Demain, Patsy sortira donc son chariot et se promènera dans le Mile End avec une trentaine de cartes géantes à compléter à la craie. «Papa, j'ai envie de te dire...»

Elle invitera les passants à se faire prendre en photo avec leur carte et à l'envoyer à leur père.

Avant de se transformer en fée, Patsy, diplômée des beaux-arts à Concordia, avait sa propre entreprise spécialisée dans les faire-part de mariage. Elle a fait ça pendant 13 ans. «J'ai commencé ça, c'était une blague. Parce que je ne crois même pas au mariage! J'ai fait un premier salon de la mariée, cela a fait fureur! J'ai fait les cartes de Céline Dion!»

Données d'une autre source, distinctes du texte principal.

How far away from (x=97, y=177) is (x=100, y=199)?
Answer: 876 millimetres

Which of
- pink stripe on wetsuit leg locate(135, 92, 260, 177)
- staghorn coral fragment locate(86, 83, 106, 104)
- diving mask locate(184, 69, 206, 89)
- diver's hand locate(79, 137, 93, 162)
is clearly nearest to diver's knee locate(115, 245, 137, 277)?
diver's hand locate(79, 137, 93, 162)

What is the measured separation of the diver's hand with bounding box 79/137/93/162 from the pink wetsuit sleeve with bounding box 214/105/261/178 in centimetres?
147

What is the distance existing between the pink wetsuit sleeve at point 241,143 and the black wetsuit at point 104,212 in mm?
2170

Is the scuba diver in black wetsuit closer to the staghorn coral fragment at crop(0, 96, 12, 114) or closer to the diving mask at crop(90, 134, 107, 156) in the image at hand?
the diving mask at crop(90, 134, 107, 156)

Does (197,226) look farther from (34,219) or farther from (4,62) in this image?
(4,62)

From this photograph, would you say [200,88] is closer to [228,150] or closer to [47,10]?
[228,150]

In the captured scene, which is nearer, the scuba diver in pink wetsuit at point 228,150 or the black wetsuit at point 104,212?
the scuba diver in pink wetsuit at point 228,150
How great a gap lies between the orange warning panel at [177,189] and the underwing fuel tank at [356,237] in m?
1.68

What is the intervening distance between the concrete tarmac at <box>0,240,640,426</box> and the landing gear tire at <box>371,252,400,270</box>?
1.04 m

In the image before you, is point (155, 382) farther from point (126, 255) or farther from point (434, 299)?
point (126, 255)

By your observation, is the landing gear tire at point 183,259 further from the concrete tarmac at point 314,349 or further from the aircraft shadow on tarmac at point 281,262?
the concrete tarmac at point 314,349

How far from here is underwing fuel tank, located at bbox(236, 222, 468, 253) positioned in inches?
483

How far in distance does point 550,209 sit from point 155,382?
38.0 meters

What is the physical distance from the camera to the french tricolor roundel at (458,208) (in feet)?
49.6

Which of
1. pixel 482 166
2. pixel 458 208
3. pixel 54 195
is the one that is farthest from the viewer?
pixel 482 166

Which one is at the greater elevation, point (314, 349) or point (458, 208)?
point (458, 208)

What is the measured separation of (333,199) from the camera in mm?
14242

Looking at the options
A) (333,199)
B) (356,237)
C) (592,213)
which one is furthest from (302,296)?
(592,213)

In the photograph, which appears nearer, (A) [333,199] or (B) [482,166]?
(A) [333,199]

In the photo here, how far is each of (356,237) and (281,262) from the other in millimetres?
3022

Et puis, le temps a passé. L'industrie du mariage a changé, les affaires ont ralenti. Quand elle est tombée enceinte de son fils, Patsy s'est promis de l'emmener pour ses 10 ans en voyage en Amérique du Sud, afin d'y découvrir les racines de son père, d'origine chilienne. Pendant 10 ans, elle a mis 50$ de côté tous les mois. Ils sont partis ensemble, comme promis, pendant cinq mois. Pour le fils, ce fut un retour aux sources. Pour la mère, l'occasion de prendre du recul et de voir la vie d'un autre oeil. «Et là, j'ai eu un flash. Je me suis dit: "Non! Ce n'est pas vrai que je retourne à Montréal pour fabriquer des faire-part de mariage!"»

Patsy a donc décidé de retourner à l'université. Elle en est sortie il y a deux ans avec un diplôme en design d'événements. «C'est là que j'ai découvert qu'on pouvait jouer dans la ville et que c'était incroyable!», dit-elle.

Mère de famille monoparentale, Patsy n'arrive plus à vivre de son art comme du temps où elle fabriquait des faire-part. En fait, elle n'a jamais été aussi pauvre que depuis qu'elle est fée. Il y a des moments où elle s'est même dit qu'elle pourrait se retrouver à la rue. Mais elle ne regrette rien, dit-elle, une lumière dans le regard. «Ça m'a permis de créer une famille, un sentiment d'appartenance.»

Et puis, de fil en aiguille, son art est reconnu et même enseigné. L'automne prochain, elle donnera un cours à l'UQAM intitulé La ville comme terrain de jeu.

Quand elle marche dans le quartier, Patsy se fait souvent arrêter. «Merci, c'est magnifique.» Des inconnus l'invitent à souper. D'autres lui glissent des enveloppes dans sa boîte aux lettres pour l'aider à joindre les deux bouts. Des gens lui écrivent, lui racontent leur vie.

Les projets participatifs de Patsy ont eu tant de succès que d'autres quartiers qui se cherchent des fées la réclament. Patsy aimerait bien. Mais elle n'a pas les moyens de se déplacer. Et puis, ajoute-t-elle, il y a une dimension très intime à ces projets.

Dimanche, la fée arpentera les avenues Bernard, Saint-Viateur et Fairmount, entre l'avenue du Parc et le boulevard Saint-Laurent. Elle invitera les passants à venir rendre hommage aux pères, beaux-pères et futurs papas. Il y aura d'autres surprises, soigneusement préparées depuis un mois. «La surprise est pour tout le monde, du Mile End et d'ailleurs, avec ou sans papa, dit-elle. Je veux faire parler le coeur.»

Ça peut paraître fleur bleue, mais les gens ont soif de ça, constate-t-elle. Soif de fées qui mettent de la poésie dans leur quotidien.